Vietnam War is the American’s longest war. During the war, there were many turning points that influenced on the flaw of it and “changed its direction”. The Gulf of Tonkin Resolution that occurred in August 7, 1964, was one of the major turning points in the United States military involvement into the flow of the Vietnam War.
The official title of the resolution was The Joint Resolution to Promote the Maintenance of International Peace and Security in Southeast Asia. George Moss (2010) mentions that “the key language in the 300-word document that granted Johnson the constitutional authority he later used to wage a war in Vietnam” (p. 173).
The Resolution was not just another event in the history of the United States, it was really a major turning point because in has a great “impact on the Ohioans many of whom were members of the armed forces during the Vietnam War. Bealsville, Ohio, lost more people per capita in the Vietnam War than any other community in the United States” (“Gulf of Tonkin Incident”, 2005).
In addition, Resolution also had a historical significance as this allowed the presidents greatly increase the involvement of the U.S. in the South Vietnam and have an “uncontrolled” interference in the war actions between South and North Vietnam, including the armed forces. The number of American troops there became more than 500,000. This led to enormous losses. More than 55,000 Americans who were engaged in fighting had been killed, as well as thousands of Vietnam people.
The events preceding the Resolution were very important. First of all, after the Kennedy’s death, Johnson assumed the presidency and pro-American military leadership replaced the governing of Diem. The year 1964 was the year of elections and Johnson needed to “neutralize” Goldwater somehow. So, he stood against the “Communist threat” in Vietnam.
It was announced that two American destroyers, the USS Maddox and the USS Turner Joy, were attacked by the Vietnamese forces, though the United States did not provoke these attacks. But, actually, “the United States provoked these attacks when they supported South Vietnamese commandos by letting them use American worships to identify North Vietnamese radar stations”. (Moss, 2010, p. 458).
These events were named “the Gulf of Tonkin Incident” that permitted to accept the Resolution that worked as a legal justification of the president’s actions directed on the increasing of the American participation in the war.
The events that were caused by this Resolution also were significant. First of all, it convinced American people in the fact that the Congress was confident in Johnson and his poll number quickly rose from 42 to 72 %, moreover, he got an individual power.
Later, the Americans realized that they deceived. Cynthia Ann Watson (2002) says that “ The Gulf of Tonkin Resolution has had memorable effect on U. S. national security policy” (p. 170).

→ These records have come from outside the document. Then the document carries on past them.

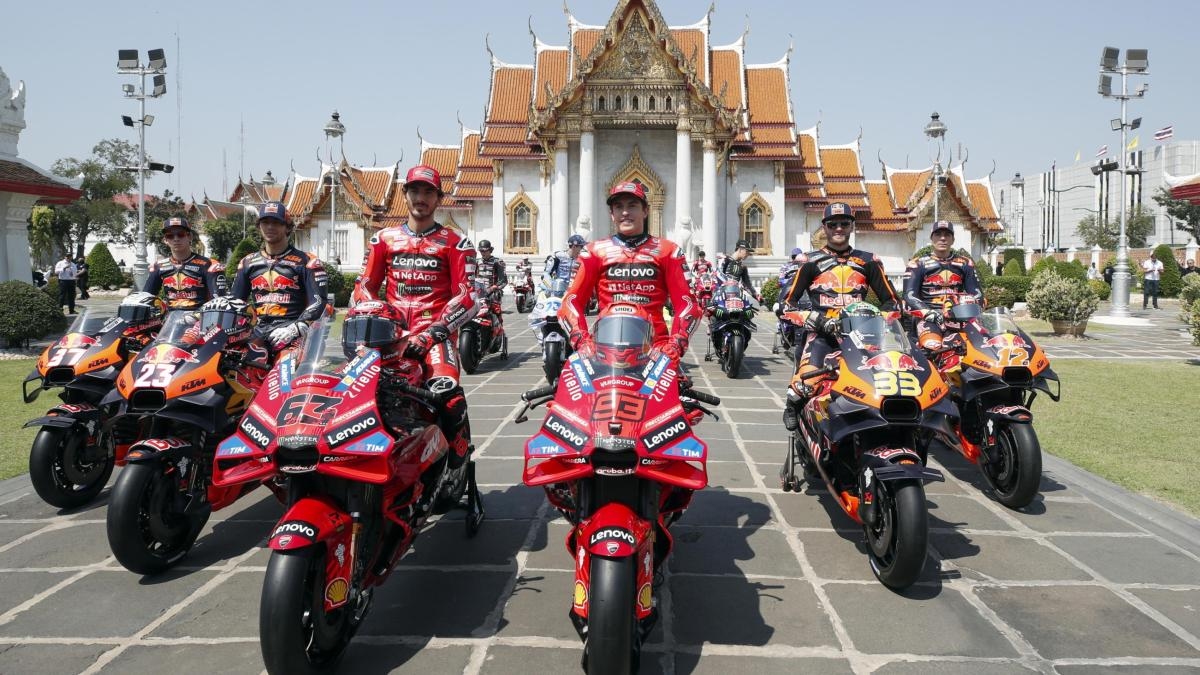 Martin, Bagnaia et Marquez, c'est votre tour. Depuis 1949, jamais 5 Champions du Monde au départ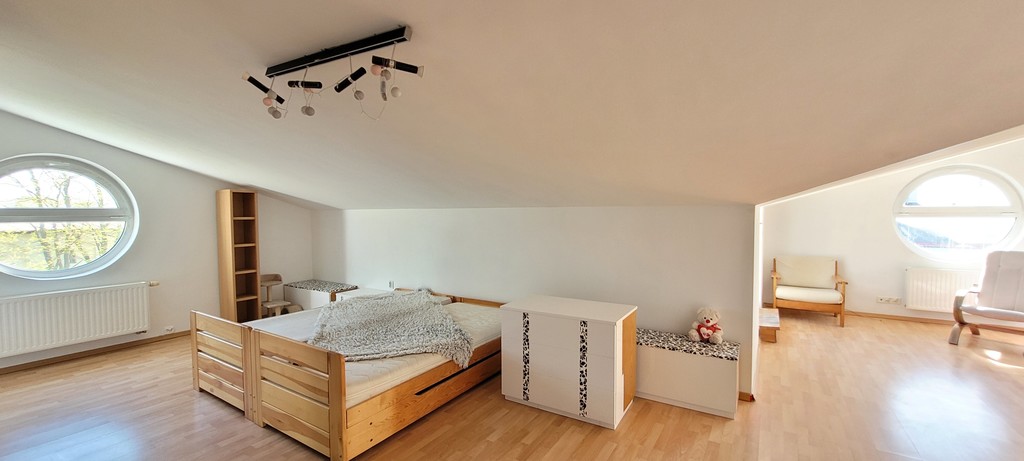 4 pokoje, taras, winda, zielona okolica! (8)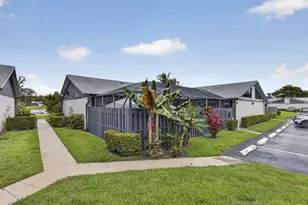 1057 Summit Trail Cir, West Palm Beach, FL 33415 - Photo 3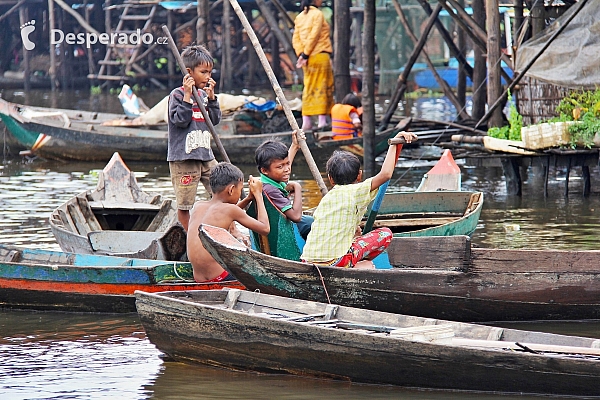 Plovoucí vesnice na jezeře Tonlésap (Kambodža)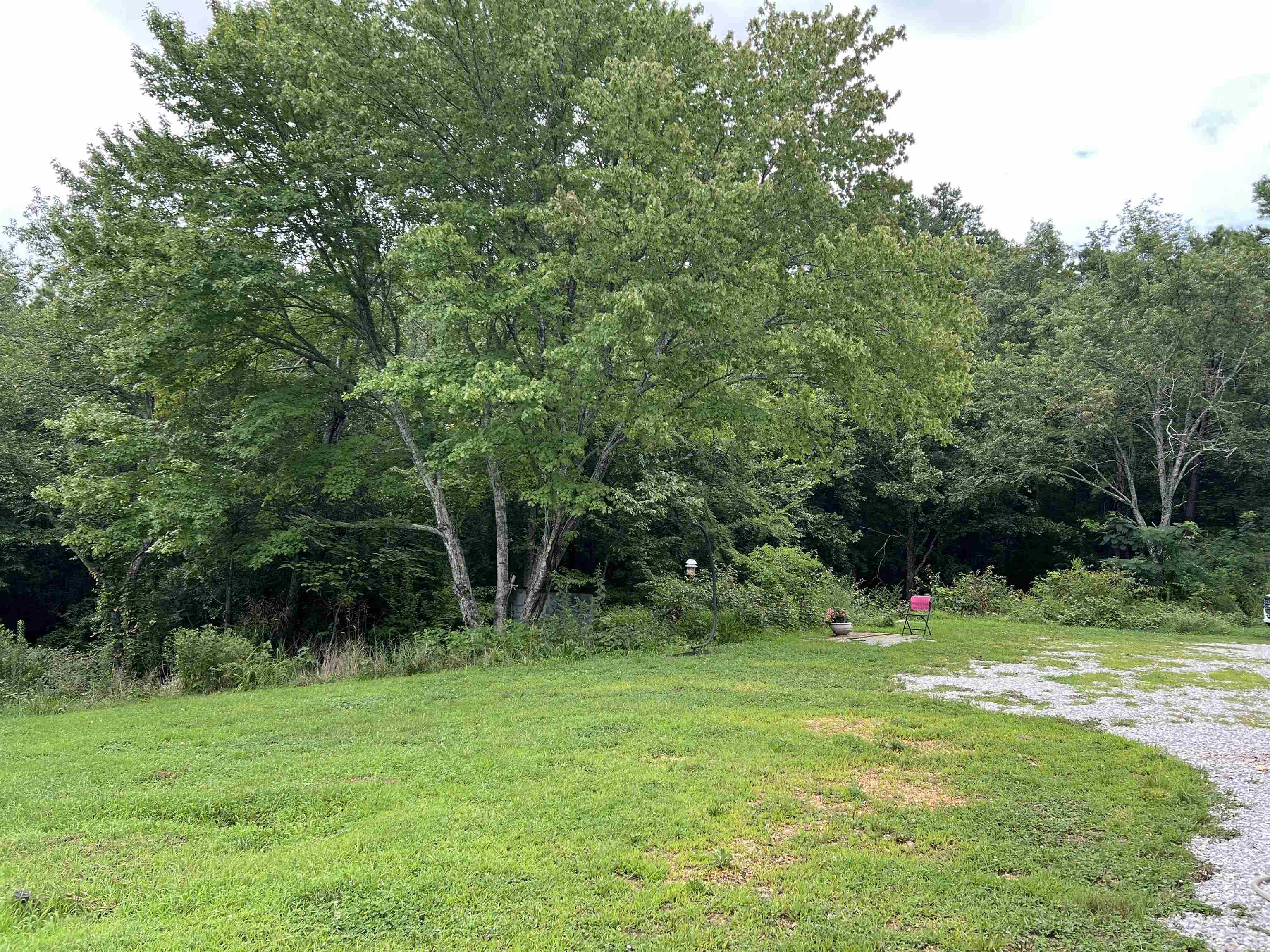 21119 N Hwy 5  Mountain View, AR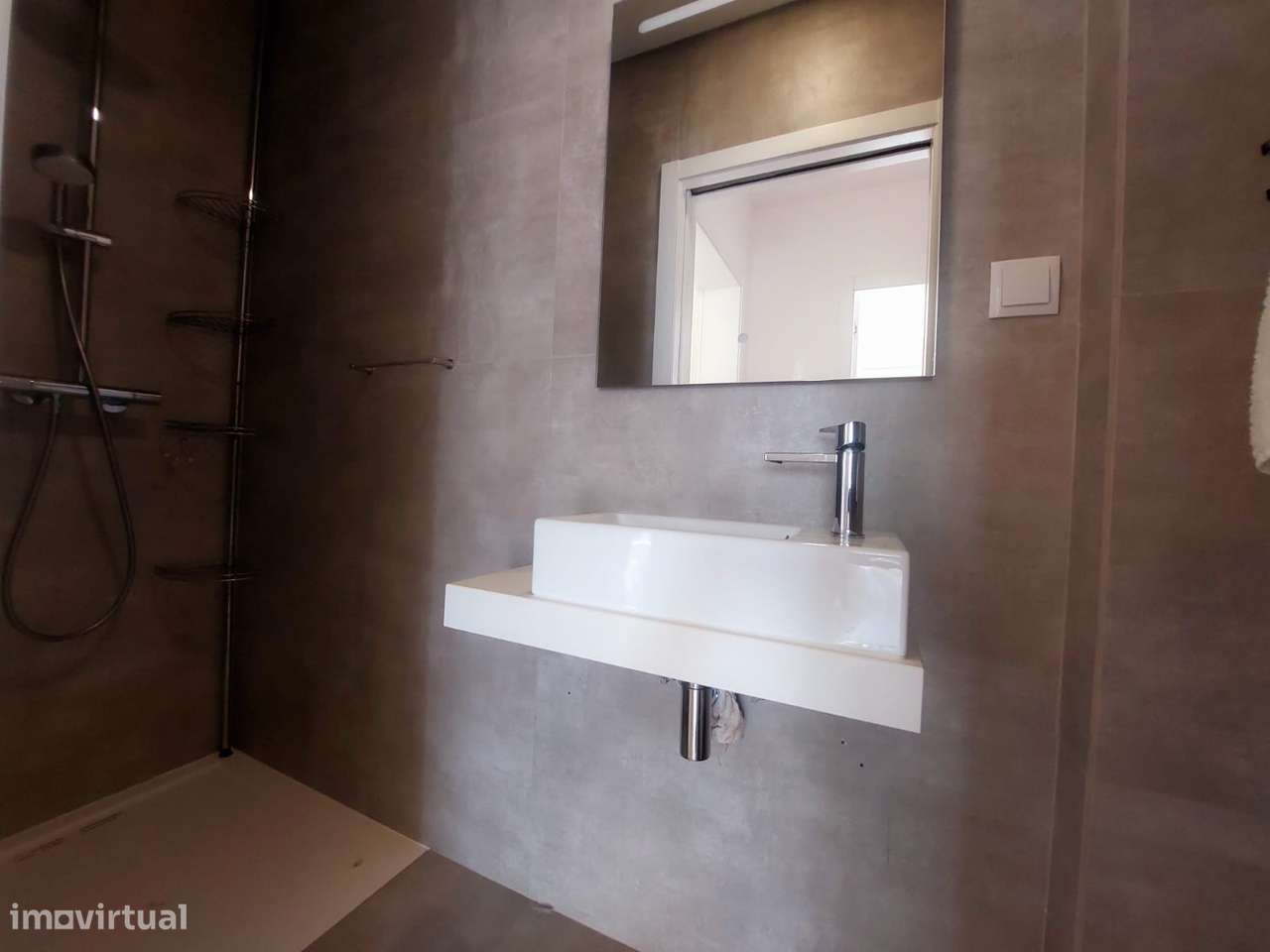 Apartamento Semi-Novo - Ferreiras-3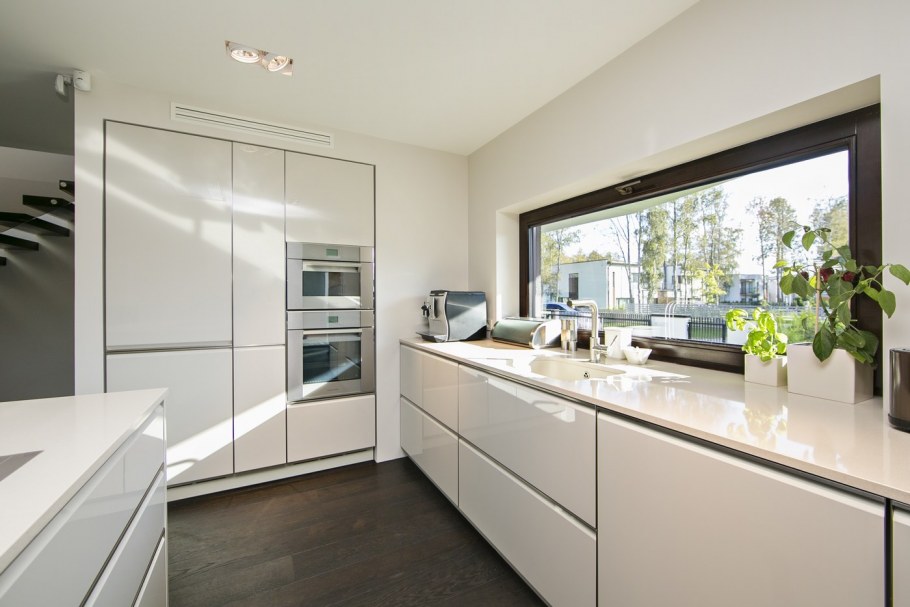 Кухонный гарнитур у окна хайтек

After the events caused by resolution, many questions aroused about the real course of those events.
Many scientists assume that there were no the second attack. Moreover, the outcome of the conflict “made the Congress less willing to grant wide military power to the executives. (Watson, 2002, p. 170). So, it influenced on the structure of the decision-making process and until G.W. Bush none of the U.S. presidents had a complete and unquestioned support from the Congress.
So, the Gulf of Tonkin Resolution was one of the major turning points in the history of the USA that greatly influenced on the flow of the Vietnam War increasing the involvement of the American troops in the war. This Resolution was preceded by important events and it had no less important consequences.
Gulf of Tonkin Incident. (2005). Ohio History Central, July 1. Retrieved from http://www.ohiohistorycentral.org/entry.php?rec=1598.
Moss, G. D. (2010) Vietnam: An American Ordeal. 6th Ed. New York: Pearson Education Inc.
Watson, C. A. (2002). U.S. National Security: A Reference Handbook. Santa Barbara: ABC-CLIO, Inc.